Der Totenwächter - Roman (German Edition)
Schon der Tod von Bernard hatte in ihrer Seele einen tiefen Riss hinterlassen. Eine klaffende Wunde, die sich nur sehr, sehr langsam schloss. Würde sie Grace verlieren, bräche ihr Herz. Sie liebte ihre Tochter mehr als alles andere im Leben.
Erneut schreckten sie Geräusche auf, ein Rascheln, ein Platschen, das aus dem Schilf herrührte.
Hatte Akbar nicht gesagt, in diesem Fluss gäbe es Krokodile?
Linda schwamm etwas schneller. Sie spürte, dass sich Panik in ihr ausbreiten wollte. Davon durfte sie sich nicht übermannen lassen. Das wäre das Ende. Ihre Muskeln würden sich verkrampfen und sie würde erst Wasser schlucken und wenig später Wasser atmen! Gelassen bleiben. Und war es noch so anstrengend. Immer schön gelassen bleiben. In den letzten zwei Tagen hatte sie kein Krokodil gesehen. Vermutlich waren die Tiere durch die vielen Nilschiffe sowieso vertrieben worden.

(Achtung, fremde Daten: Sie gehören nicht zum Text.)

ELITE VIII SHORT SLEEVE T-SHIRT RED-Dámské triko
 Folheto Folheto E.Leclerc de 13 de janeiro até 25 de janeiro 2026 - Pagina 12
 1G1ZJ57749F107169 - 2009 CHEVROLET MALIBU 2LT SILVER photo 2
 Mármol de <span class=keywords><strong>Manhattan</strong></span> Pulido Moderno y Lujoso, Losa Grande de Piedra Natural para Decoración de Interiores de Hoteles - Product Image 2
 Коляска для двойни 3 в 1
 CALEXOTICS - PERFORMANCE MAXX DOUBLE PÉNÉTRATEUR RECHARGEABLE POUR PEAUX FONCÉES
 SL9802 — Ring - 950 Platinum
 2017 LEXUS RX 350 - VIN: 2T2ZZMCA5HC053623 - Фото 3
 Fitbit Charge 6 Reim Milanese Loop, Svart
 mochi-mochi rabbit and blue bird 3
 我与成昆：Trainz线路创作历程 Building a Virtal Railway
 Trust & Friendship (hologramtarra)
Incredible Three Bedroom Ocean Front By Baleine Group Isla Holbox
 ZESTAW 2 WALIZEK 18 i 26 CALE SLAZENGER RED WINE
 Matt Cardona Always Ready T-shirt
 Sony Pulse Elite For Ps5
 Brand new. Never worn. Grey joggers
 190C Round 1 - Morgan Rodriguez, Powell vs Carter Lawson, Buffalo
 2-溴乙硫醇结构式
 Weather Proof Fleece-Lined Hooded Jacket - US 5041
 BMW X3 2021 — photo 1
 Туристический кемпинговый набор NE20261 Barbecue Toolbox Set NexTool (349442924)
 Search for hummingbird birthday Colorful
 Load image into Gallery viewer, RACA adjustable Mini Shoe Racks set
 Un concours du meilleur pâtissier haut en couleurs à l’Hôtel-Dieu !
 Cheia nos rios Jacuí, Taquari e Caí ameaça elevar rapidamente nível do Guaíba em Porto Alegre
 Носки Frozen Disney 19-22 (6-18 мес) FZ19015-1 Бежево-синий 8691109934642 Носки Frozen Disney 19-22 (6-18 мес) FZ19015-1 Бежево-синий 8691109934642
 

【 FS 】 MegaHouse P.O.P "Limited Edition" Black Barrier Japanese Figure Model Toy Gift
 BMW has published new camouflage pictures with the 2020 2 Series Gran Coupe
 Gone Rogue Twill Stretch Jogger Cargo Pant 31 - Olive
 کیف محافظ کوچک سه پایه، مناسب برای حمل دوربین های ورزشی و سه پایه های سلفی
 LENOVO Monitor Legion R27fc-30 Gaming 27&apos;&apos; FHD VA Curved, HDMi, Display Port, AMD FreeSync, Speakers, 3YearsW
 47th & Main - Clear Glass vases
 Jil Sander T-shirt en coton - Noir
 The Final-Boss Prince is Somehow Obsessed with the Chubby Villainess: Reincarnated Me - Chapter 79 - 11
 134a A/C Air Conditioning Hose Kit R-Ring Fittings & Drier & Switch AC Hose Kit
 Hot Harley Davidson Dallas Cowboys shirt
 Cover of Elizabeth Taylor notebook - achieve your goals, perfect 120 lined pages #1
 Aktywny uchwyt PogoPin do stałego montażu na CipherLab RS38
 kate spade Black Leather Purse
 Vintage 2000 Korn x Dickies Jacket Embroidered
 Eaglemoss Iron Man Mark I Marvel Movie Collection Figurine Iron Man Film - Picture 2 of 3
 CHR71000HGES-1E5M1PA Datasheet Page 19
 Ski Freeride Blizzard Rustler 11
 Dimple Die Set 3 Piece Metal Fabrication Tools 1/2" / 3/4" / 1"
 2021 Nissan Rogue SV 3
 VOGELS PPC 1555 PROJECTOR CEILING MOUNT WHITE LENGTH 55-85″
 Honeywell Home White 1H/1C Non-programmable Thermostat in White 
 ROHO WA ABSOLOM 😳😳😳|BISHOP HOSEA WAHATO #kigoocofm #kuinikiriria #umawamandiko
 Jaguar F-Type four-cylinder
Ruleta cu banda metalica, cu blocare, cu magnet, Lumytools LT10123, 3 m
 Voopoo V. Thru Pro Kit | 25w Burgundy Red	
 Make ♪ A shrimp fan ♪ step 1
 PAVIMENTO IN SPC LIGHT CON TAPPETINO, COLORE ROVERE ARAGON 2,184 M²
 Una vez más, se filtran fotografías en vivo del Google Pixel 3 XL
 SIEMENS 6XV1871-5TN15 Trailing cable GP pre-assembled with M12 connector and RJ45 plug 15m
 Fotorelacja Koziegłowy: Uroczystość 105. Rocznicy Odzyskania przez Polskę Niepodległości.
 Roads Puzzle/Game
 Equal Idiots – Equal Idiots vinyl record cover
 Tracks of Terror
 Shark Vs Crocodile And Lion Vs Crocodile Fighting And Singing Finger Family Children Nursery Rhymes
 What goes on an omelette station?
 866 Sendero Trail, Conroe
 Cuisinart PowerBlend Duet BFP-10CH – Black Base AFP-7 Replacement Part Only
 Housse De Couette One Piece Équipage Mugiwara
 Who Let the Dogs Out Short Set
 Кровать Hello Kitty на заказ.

Und doch platschte es furchterregend hinter ihr. So, als habe sich ein schmaler Körper auf die Wasseroberfläche gelegt. Ein schmaler Körper mit einem beweglichen Schwanz und mit einem riesigen Maul mit spitzen Zähnen.
Wie würde es sein, wenn ein Krokodil sie zu fassen bekäme? Würde sie Schmerzen leiden? Würde der Schreck sie töten? Würde das mächtige Tier sie in die Tiefe ziehen und sie einem schrecklichen Tod durch Ertrinken überlassen?
Mir geht die Fantasie durch!
Vorwärts und - vorwärts - und - vorwärts! Eine Bewegung nach der anderen. Nicht nach hinten schauen. Da vorne war das Ufer. Es war ihr Ziel. Und es wurde immer größer, rückte immer näher.
Neben ihrem Kopf kreischte etwas. Linda schrie auf. Sie schluckte Wasser und stieß die dreckige Brühe wieder aus. Ein Vogel. Sie hatte einen Vogel aufgeschreckt. Schilfhalme schlugen gegeneinander, zischelten sich geheimnisvolle Dinge zu.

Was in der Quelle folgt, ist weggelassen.